TASK OBJECTIVE: With the pictures left aside, write out exactly the lines of the listing below from the line with "Native American Horse" to the line with "CASAINC Elongated Oval", both included, and only those.

RECORD EXTRACTS:
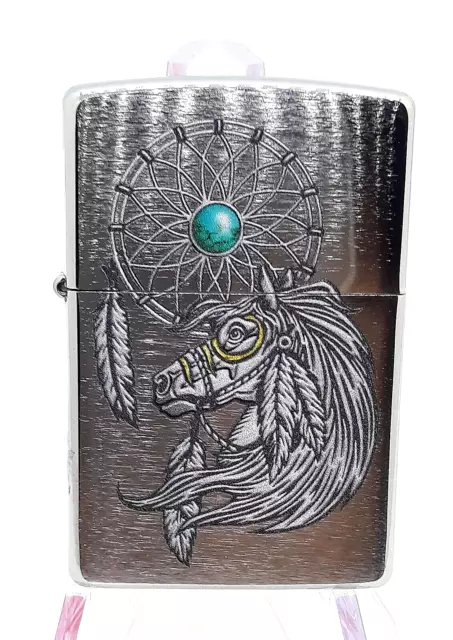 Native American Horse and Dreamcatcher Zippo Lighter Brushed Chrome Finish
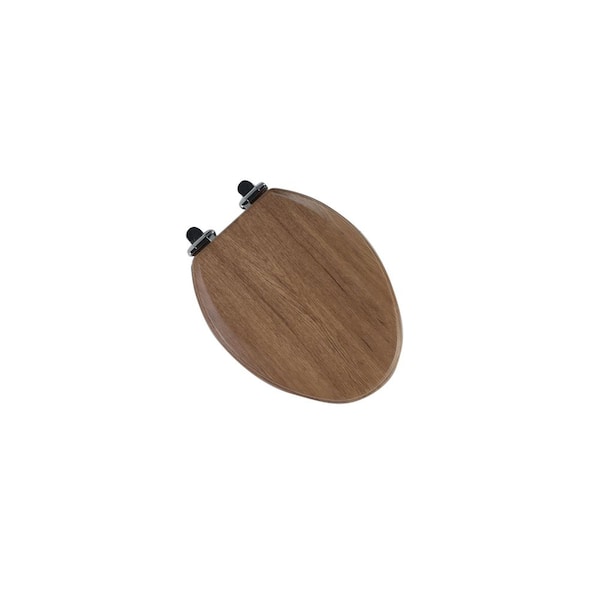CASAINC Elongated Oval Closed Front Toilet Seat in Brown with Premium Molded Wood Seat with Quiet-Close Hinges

==

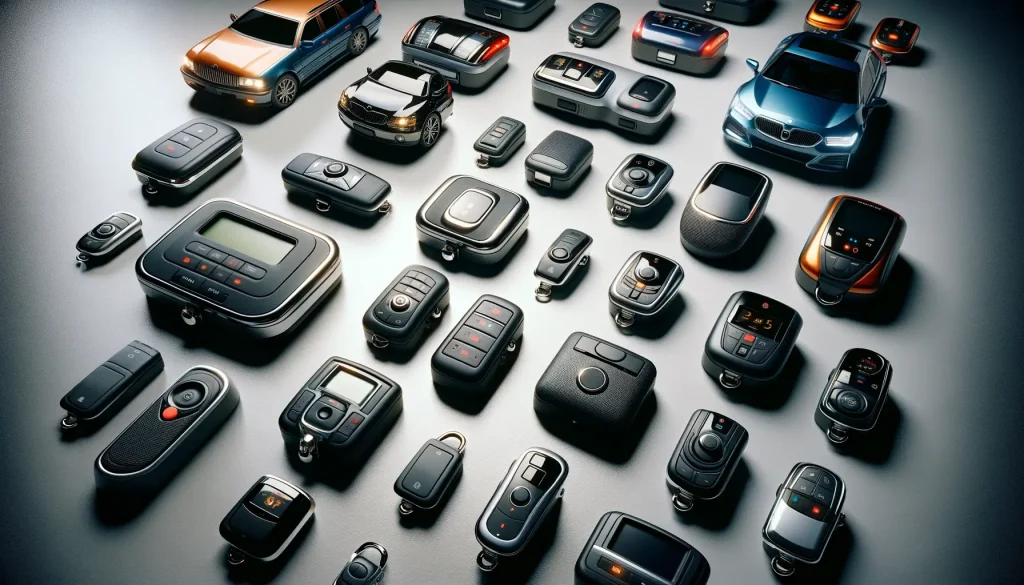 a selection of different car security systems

RESULT:
 Native American Horse and Dreamcatcher Zippo Lighter Brushed Chrome Finish
CASAINC Elongated Oval Closed Front Toilet Seat in Brown with Premium Molded Wood Seat with Quiet-Close Hinges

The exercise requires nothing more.